Le chômage et les coupes salariales, conséquences économiques directes de la pandémie, n’épargnent cependant pas les habitants de la région et le marché immobilier le reflète aussi malgré sa surprenante résistance. Résultat : quelques effets secondaires bénéfiques. Moins d’augmentations de loyer sur les contrats de location renouvelés, plus de place pour les primo-acquéreurs et pour la négociation.
« Certains propriétaires sont obligés de vendre leurs biens de peur de ne pouvoir les louer correctement et d’autres offrent des réductions sur les loyers pour que leurs locataires ne s’en aillent pas… », raconte Servane Valentin d’Andrea Rentals. Est-ce donc le moment de négocier le tarif de son loyer ? « Oui, mais avec prudence », prévient l’experte. « Avant de négocier, il faut s’assurer de faire des comparatifs sérieux pour voir dans quelle catégorie se situe son bien. Une maison East Bay, c’est clairement un risque en ce moment et les propriétaires retrouveront de nouveaux locataires sans problème ».

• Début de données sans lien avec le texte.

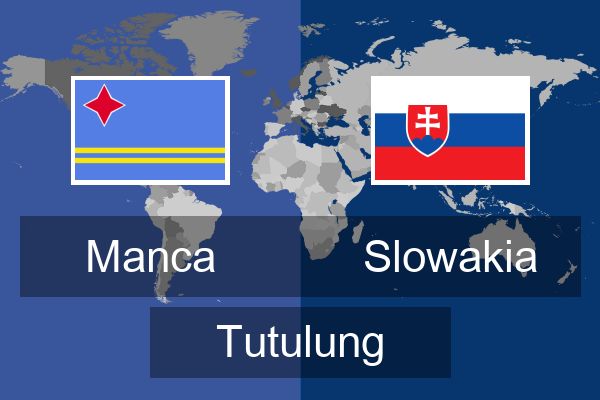  Slowakia Tutulung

Côté achat, impact notable de la Covid-19 : un inventaire de biens à la vente très élevé sur San Francisco. « Avec la fermeture des bars, des restaurants et autres lieux de vie, les problèmes liés aux sans-abris sont ressortis et les gens ont eu envie de s’éloigner de la ville. Mais San Francisco restera San Francisco. Les choses reprendront leur cours et si on pense long terme, c’est donc un très bon moment pour acheter et investir », explique Anne Laury de Coldwell Banker. Tout l’enjeu des prochains mois réside dans l’absorption, ou non, de ce large inventaire. « Nous sommes à un tournant », conclut Anne Laury. Et il va donc falloir surveiller de près les mois à venir pour voir comment le marché immobilier va réagir à ces circonstances inédites. Les spécialistes restent confiants.